- Vitalik Buterin is backing the Fast Confirmation Rule, a new mechanism that would cut the time it takes to transfer funds from Ethereum from minutes to 13 seconds.
- The rule would make L2 deposits, bridges and exchange deposits much faster without sacrificing security.
Vitalik Buterin has backed a new proposal to cut the time it takes to send funds on Ethereum from minutes to seconds, in his quest to make the network easier to use, faster, and more efficient.
The proposal was published by Julian Ma, a researcher at the Ethereum Foundation. It introduces the Fast Confirmation Rule, which would reduce the deposit time from Ethereum’s base layer to Layer 2s, exchanges or bridges to a maximum of 13 seconds, reducing this wait time by up to 95%. Ma says FCR will be rolled out over the coming months and that once a client implements it, nodes can run it automatically without the need for a hard fork.
A new fast confirmation rule mechanism lets you get a hard guarantee that Ethereum will not revert after one slot (12 seconds)
Security assumptions are (i) supermajority honest, (ii) network latency under ~3s. So one step below economic finality, but very strong for many use…
— vitalik.eth (@VitalikButerin) March 18, 2026
According to Ma, the parties that will benefit most are exchanges, L2s, bridges and solvers and RPCs. Under the current system, sending funds from Ethereum can take up to five minutes, resulting in billions of dollars in capital locked up in bridges. The setup has also forced users to select trusted bridges, which are faster, over non-minting bridges that give them the strongest rights over their assets, but are slower.
“Asset issuers should not have to choose between their assets flowing across chains and leveraging Ethereum’s strong property rights,” Ma says.
FCR Makes Ethereum Faster Without Sacrificing Security
Under FCR, when a transaction is included in a block and a validator attests to the block, it will be confirmed immediately. Previously, the transaction could only be confirmed after more blocks were added or it achieved full finality. FCR will use the same guarantee that underpins the assumption of finality for confirmed blocks.

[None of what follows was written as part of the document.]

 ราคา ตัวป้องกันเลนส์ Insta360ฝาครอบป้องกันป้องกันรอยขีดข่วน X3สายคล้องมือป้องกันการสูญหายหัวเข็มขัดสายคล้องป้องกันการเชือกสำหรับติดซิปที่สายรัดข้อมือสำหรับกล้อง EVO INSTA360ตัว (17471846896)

One key difference is that while fast-confirmed blocks assume that no single adversary can control 33% of the stake, FCR uses a 25% threshold. In cases where the network is slow, FCR transactions will take slightly longer, and if FCR fails, the system will just default to the existing finality setup.
In the unlikely scenario that an adversary has a 25% stake, a fast-confirmed block can be reorged. However, at current prices, a 25% stake amounts to $20.8 billion, making it economically enviable.

Vitalik says that FCR is “one step below economic finality, but very strong for many use cases.”
The proposal aligns with the recently published mandate by the Ethereum Foundation that prioritizes privacy, security, open-source development and resistance to centralized controls. As CNF reported, Vitalik said that Ethereum will remain a “sanctuary technology” that’s accessible even when its rivals fold.
ETH trades at $2,200, dipping 6% over the past day for a $265.3 billion market cap.